Yes I am still a member and agree with both Andy and Tony.

The course does have massive potential and is a stern test of golf, not only on the holes but the fact the wind usually blows normally quite hard.

It does need some TLC but I have seen improvements since March and the course now looks like a golf course with the fairways cut nicely and the rough defined into fringe and deep stuff. Some nice little touches have also taken place with benches on teeing holes, new hole signs, (even new holes and flags) and more ball cleaning gizmos.

The down side is the greens which as Andy says are not great and have been slightly lost. Speaking to a greenkeeper probably about a fortnight ago there had not been much rain in the area and the greens had become hard and were not growing sufficently. However, since then we have had a lot of rain so hopefully this will change.
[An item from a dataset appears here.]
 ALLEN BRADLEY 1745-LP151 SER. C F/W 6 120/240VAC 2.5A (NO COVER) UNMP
As alluded to the owner by all accounts did not have a great relationship with the golf committee and had trouble keeping staff, hence the state of the greens as a new greenkeeper is now in place so hopefully this will improve the condition.
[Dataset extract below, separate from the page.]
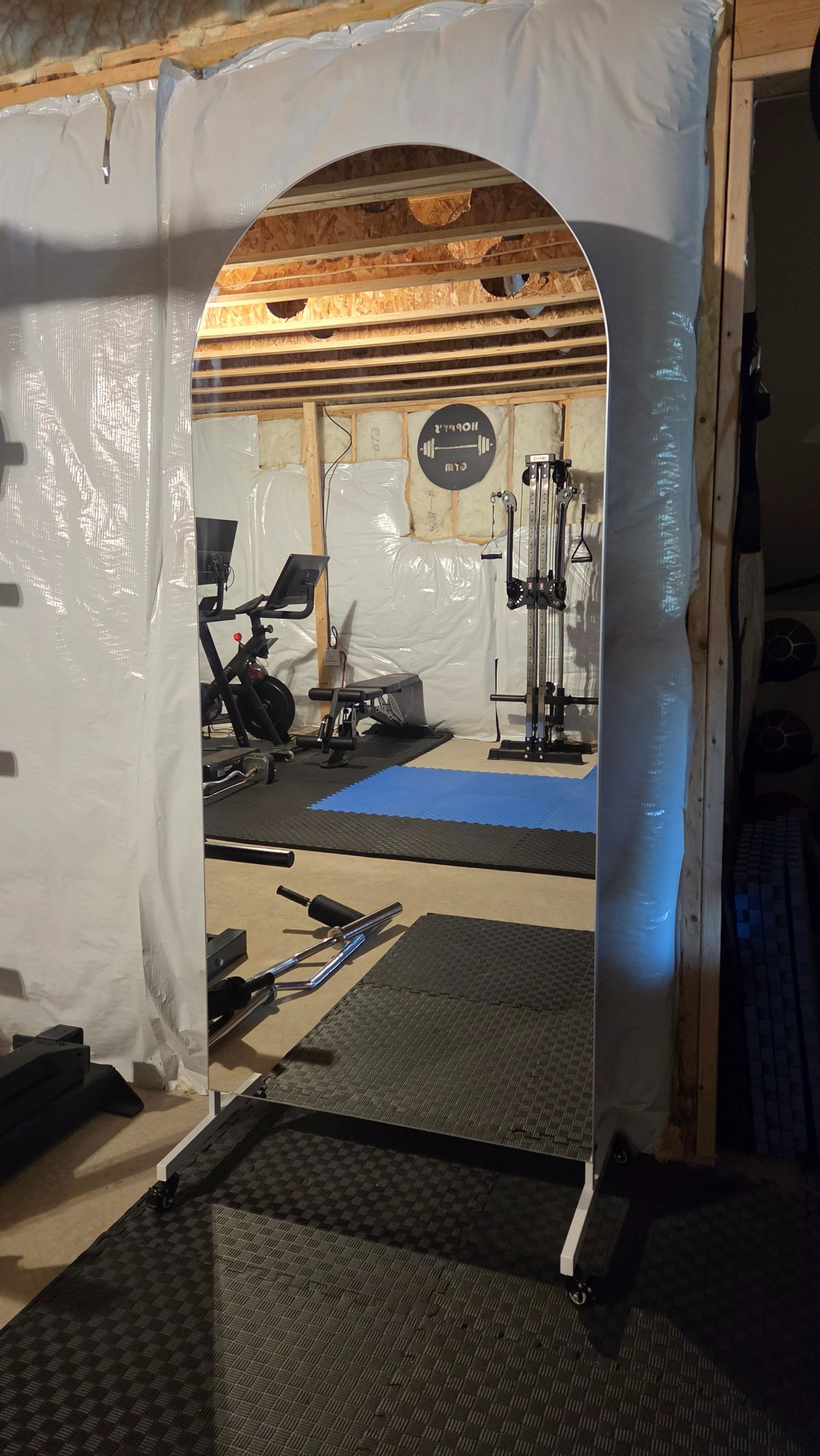 Just got this beautiful arched rolling floor mirror for our home gym. It's incredibly clear, rolls well and has locking mechanisms on the wheels.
This is my second year there and the course is much improved over the last 3 months. I did not feel it was as wet as last season over the winter and perhaps the course suffers by the fact it is almost always open (think it has been twice in my time) and the greens in play.

As with Tony I have not met many members (prob 10) but I also do not play in the comps at the moment, tending to play later in the day when the course is empty. I also feel that last summer it did become part muni with all and sundry being allowed on, pushing the dress code to the limit at times!!!!
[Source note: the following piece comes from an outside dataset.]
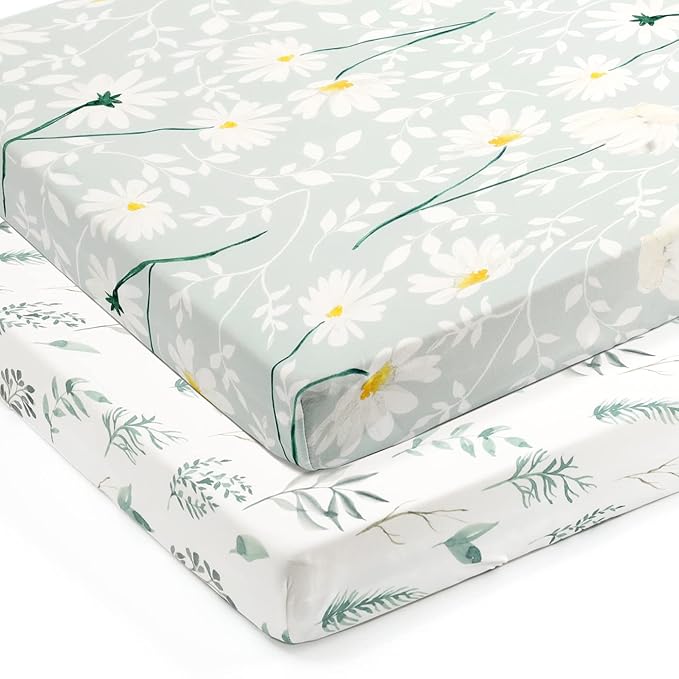GRSSDER Stretchy Ultra Soft Jersey Knit Fitted Pack n Play Sheets Set 2 Pack, Universal Fitted Portable Pack and Play/Mini Cribs Sheets for Girls, Stylish Watercolor Daisy Flower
I get out of the course what I want and have no complaints for what I pay and always enjoy playing there. There are some excellant holes and you do need to plot your way around the many water hazards to score well.


----------



## Handycap (May 18, 2009)

Hi bazlambo,

I sincerely hope the future of the club becomes clearer for you this year. I can't re-iterate enough how much I enjoyed playing it last week and how, with a bit of investment, could be deemed not just a good course, but a great course.

Tony mentioned that the owner passed away recently and that he didn't have a close relationship with the members. If the club were to be sold, could it become a members club and would the current membership be interested in raising the funds? Whilst excessive society guests can impinge on tee availability and wear and tear to the course, they are good revenue for the club. 

I feel if the club house and the surrounding environs could be smartened up a bit, the place would look that much more attractive and would encourage word of mouth and repeat business. 

As I said before, there is nothing wrong with the clubhouse; it really is an impressive building and could look magnificent if the area surrounding it looked good too. I noticed a spiral staircase leading upstairs. Is there another bar with a balcony up there? The marquee doesn't look out of place either, and combined with the club house offers an enormous facility for both golf and non golf related events.

All the best for the future

Rick.


----------



## TonyN (May 18, 2009)

Rick the staircase leads to a sort of indoor balcony that looks out over the course. Never seen anyone use it in my time there, infact only ever seen 4 peopl in the club house after a round.


----------